Published on

Computer Vision Introduction

Authors

Recently, I have started following CS231n MIT Course and the first week class is about introduction to computer vision and here I am taking my notes.

543 Million Years ago, earth is filled with water with animals floating on top of water with no vision but around 540 million years ago within a very short period of time (10 million years), the number of animal species exploded from few to hundreds of thousands.

Evolutionary Biologists call this s Evolution's Big Bang and it is theoretically it's because of first animal developing eyes. Now vision developed into biggest sensory system. 50% of neurons in our cortex involved in visual processing.

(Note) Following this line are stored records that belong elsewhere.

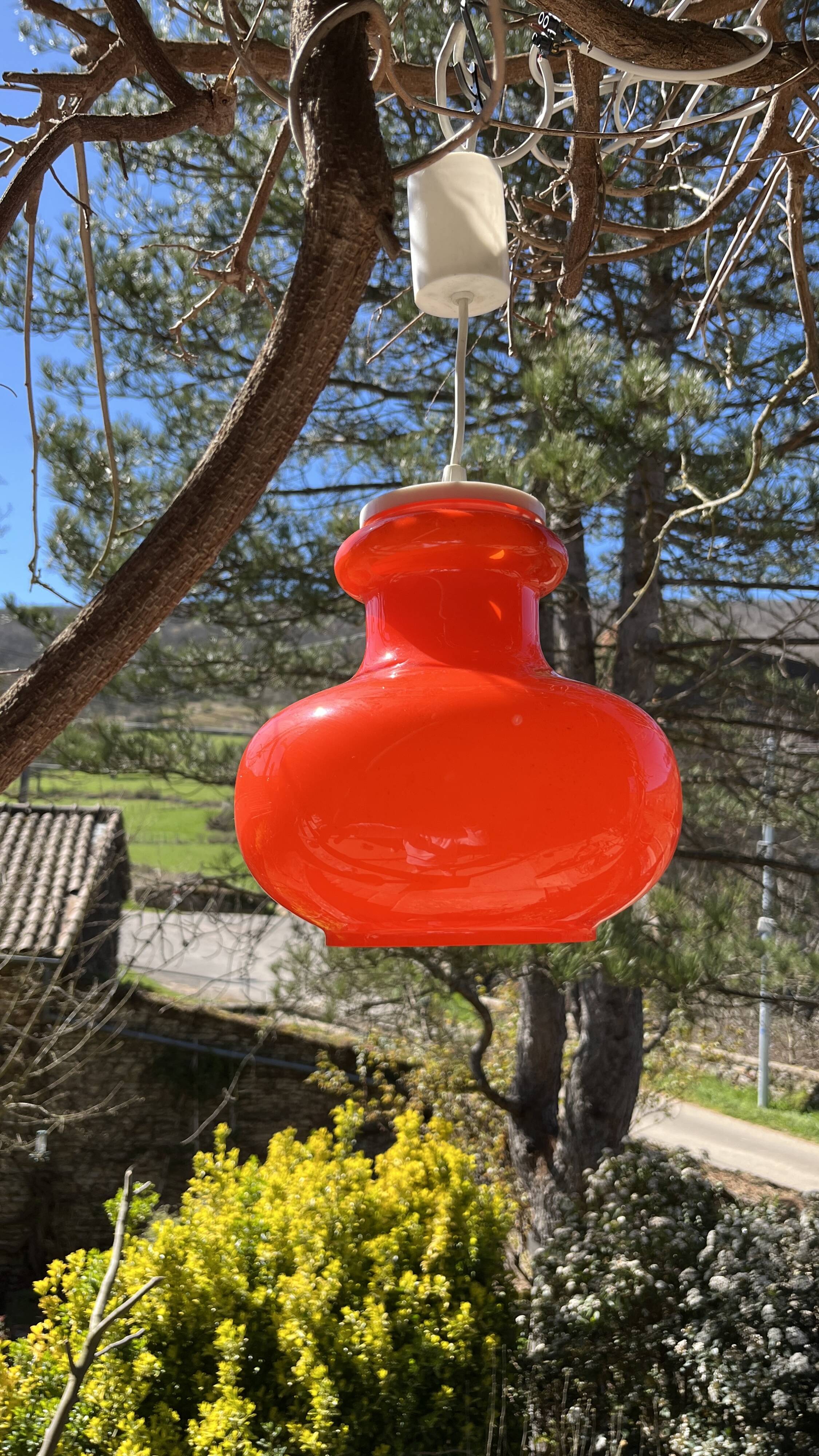 Vintage pendant light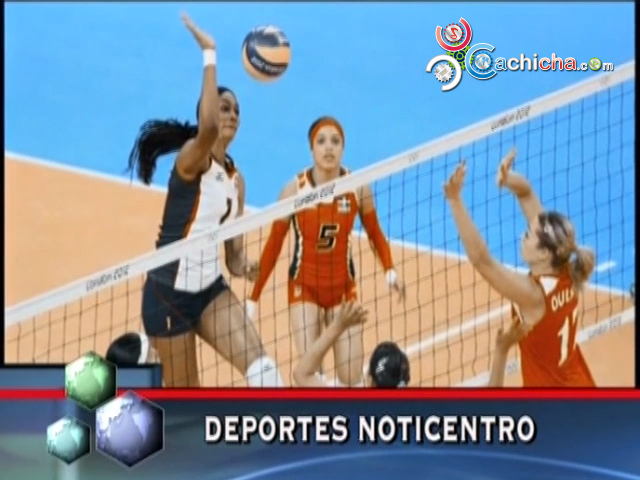 Equipo De Volleyball Dominicano Invicto En Los Juegos Centroamericanos Y Del Caribe #Video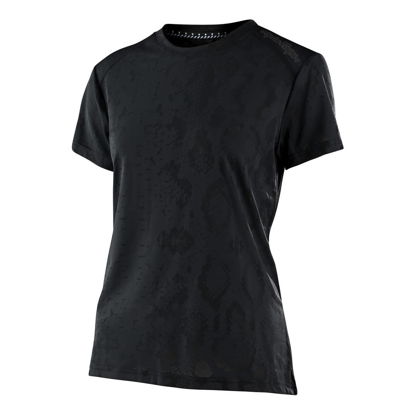 TROY LEE DESIGNS LILIUM SS JERSEY SNAKE BLACK S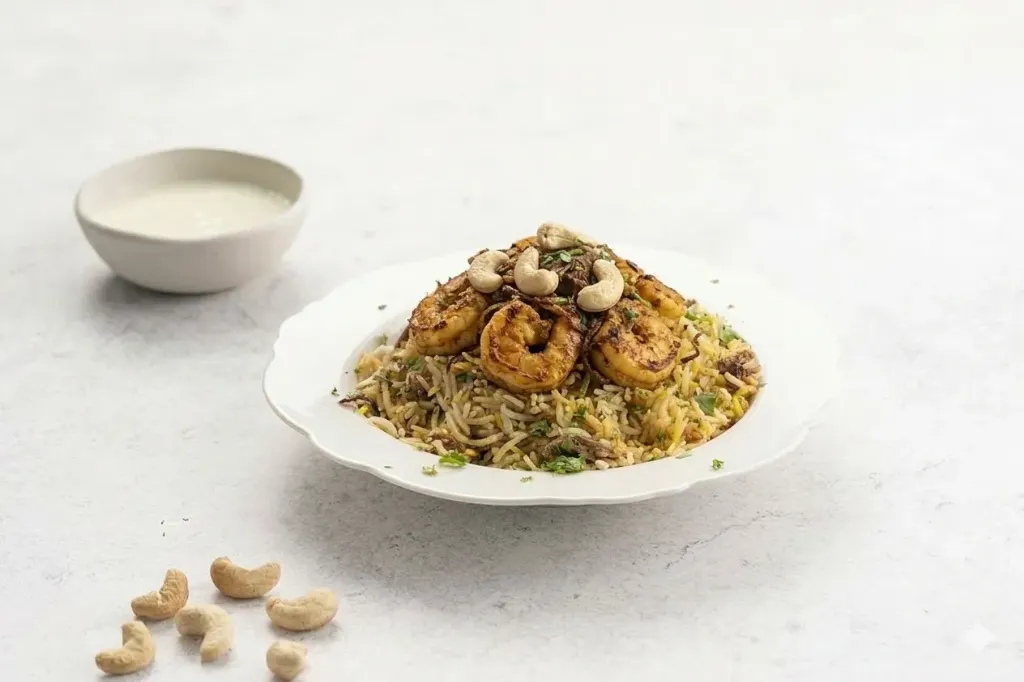 Shrimp Biryani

Humans & Mechanical Vision

  • First Camera - "Camera Obscura" developed by Gemma Frisius in 1545
  • Encyclopedie, 18th Century
  • Leonardo da vinci, 16th Century

Hubel & Wiesel, 1959

Cat Brain Analysis

  • Simple Cells - Response to light orientation
  • Complex Cells - Response to light orientation and movement
  • Hyper Complex Cells - Response to movement with an end point

Basically visualization in brain starts with the edges a.k.a simple structures and builds on complex information.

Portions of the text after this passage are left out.